11 million Arabic-speaking children may have dyslexia. No validated tool exists to find them. Horoufy is built from the orthography up — not from an English translation.
A reading companion built inside Arabic — adaptive support that grows as your child does.
Understand where your child is struggling before they fall behind — clear reports, plain language.
Identify every at-risk child in your classroom in five minutes, without singling anyone out.
Arabic omits short vowels in everyday writing. Readers must infer them from context. For a child with dyslexia, this inference is the core failure point — and no Western tool has ever had to solve it.
There is no print phase in Arabic — children learn cursive from day one. Each of 28 letters changes shape based on position. That's up to 112 distinct forms to internalise before reading can begin.
Every Arabic-speaking child grows up speaking a regional dialect. They're tested in Modern Standard Arabic — a structurally different register they never hear at home. This diglossia compounds dyslexic difficulty in a way no European language shares.
I came to this work through every layer of the system I had spent my career building. I designed learning curricula, for schools, for adults, for institutions across the world. I trained the educators who delivered them. I managed the programmes meant to bring them to scale. And then, in early adulthood, I was diagnosed with dyslexia and dyscalculia, conditions I had been navigating, undetected, through every one of those roles. I had spent years building learning systems for children like me, without knowing I was one of them. What I understood from that is not that the system overlooked us. It is that the tools were never built for us in the first place. Arabic is one of the great languages of the world. Every child who speaks it deserves to read it. Horoufy is built toward that, a world where the Arabic language is fully accessible to every child who grows up inside it, regardless of how their mind learns.

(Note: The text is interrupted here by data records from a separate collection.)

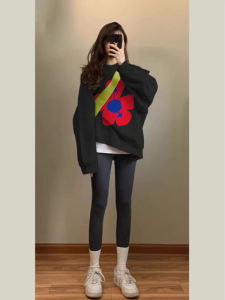 SUSHOUWANGE | Elegant Design Personalized Floral Print Round Neck Sweater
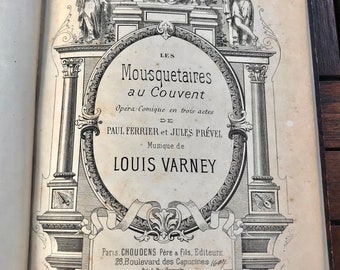 PARTITURA ANTIGUA Les Mosquetaires du convent Música de Louis Varney Ópera de Jules Prevel libro piano antiguo 1880s Encuadernación de cuero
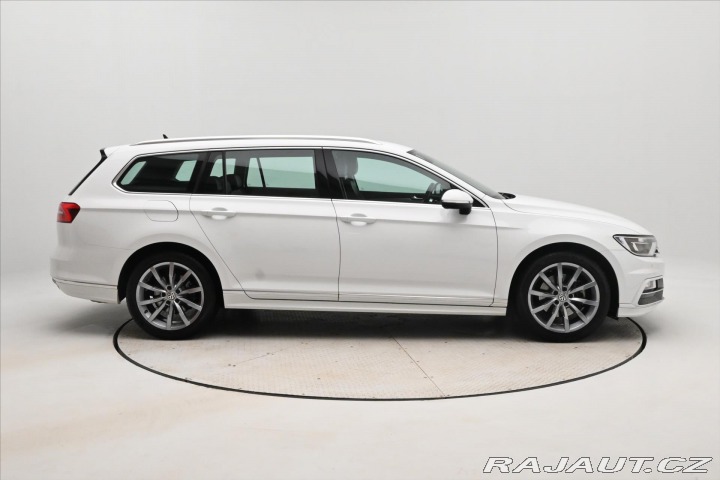 Volkswagen Passat 1,5 TSI 110 kW R-Line Zár 2019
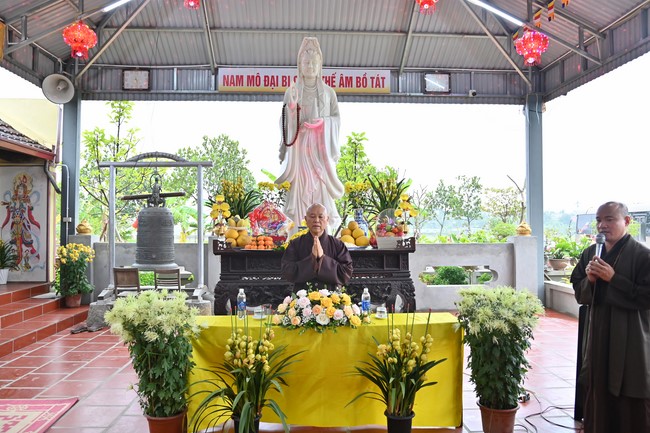 Preaching dharma at Bich Thuong pagoda and TayKhanh pagoda in the eighth day of propagation trip in the Northern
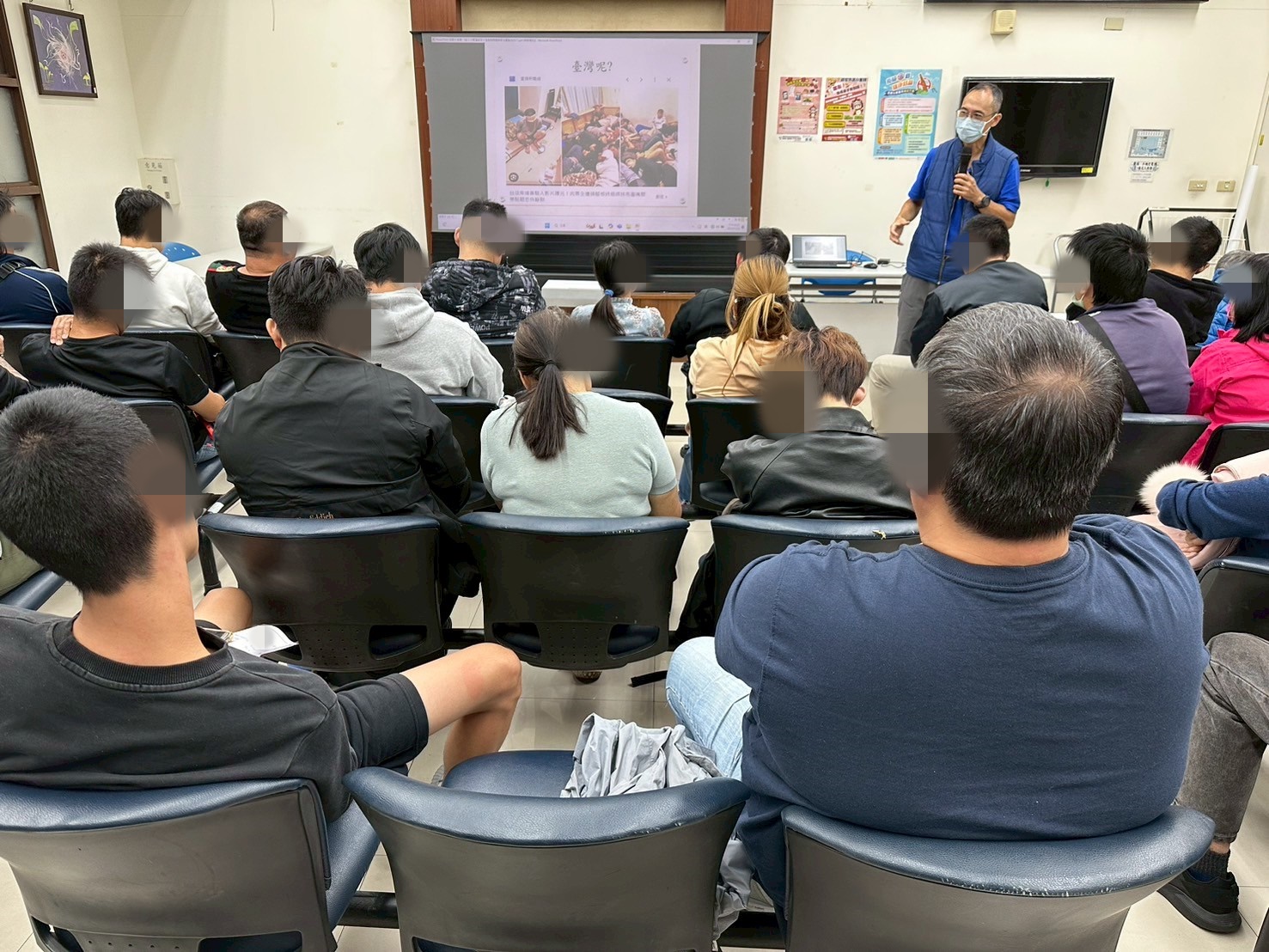 1141119-8.盧浩權觀護人呼籲學員留意家中兒少使用網路之安全性，強調自己就是身體的主人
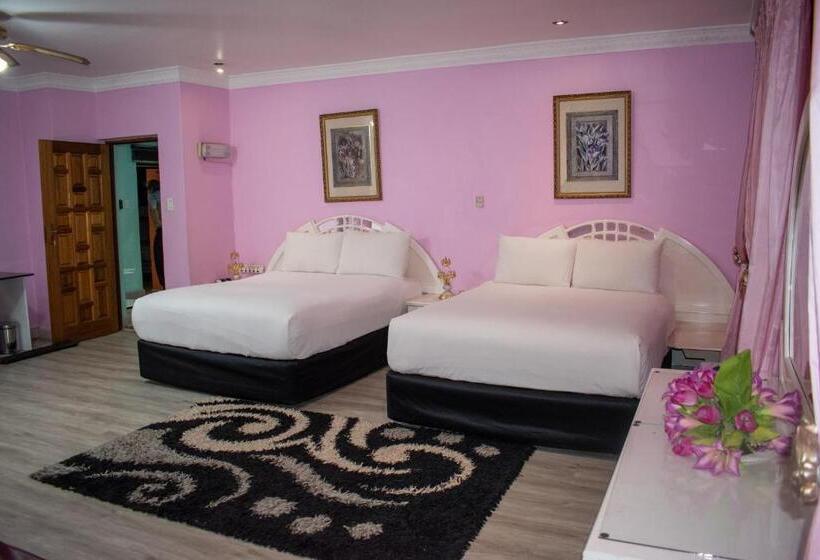 חדר משפתחתי סופריור, Lenasia Guest Lodge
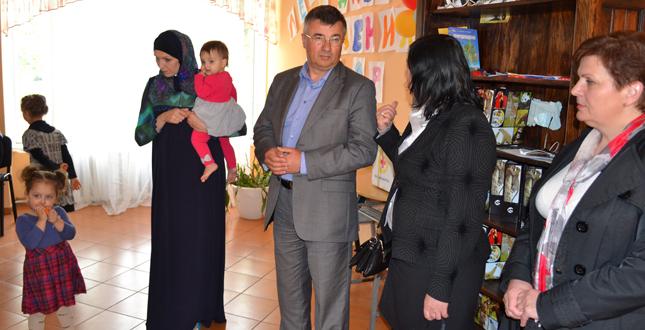 Микола Дубовик відвідав родини, переміщені з тимчасово окупованої території АР Крим та зони АТО (фото)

I spent several years teaching English to young students in Saudi Arabia while also working in technology and digital product development. In classrooms I repeatedly met children who were confident speakers yet froze the moment reading began. The response was always the same more practice, more repetition, more drilling. But repetition cannot resolve a structural challenge. Arabic literacy asks learners to interpret missing vowels, shifting letter shapes, and complex visual patterns that most tools never explain. Nearly every digital reading platform used in Arabic classrooms is still a translation of software designed for English. That mismatch leaves capable students believing the difficulty lies with them. Horoufy was created to approach the problem differently, building reading support around how the Arabic writing system truly works so children can access their language with clarity rather than confusion.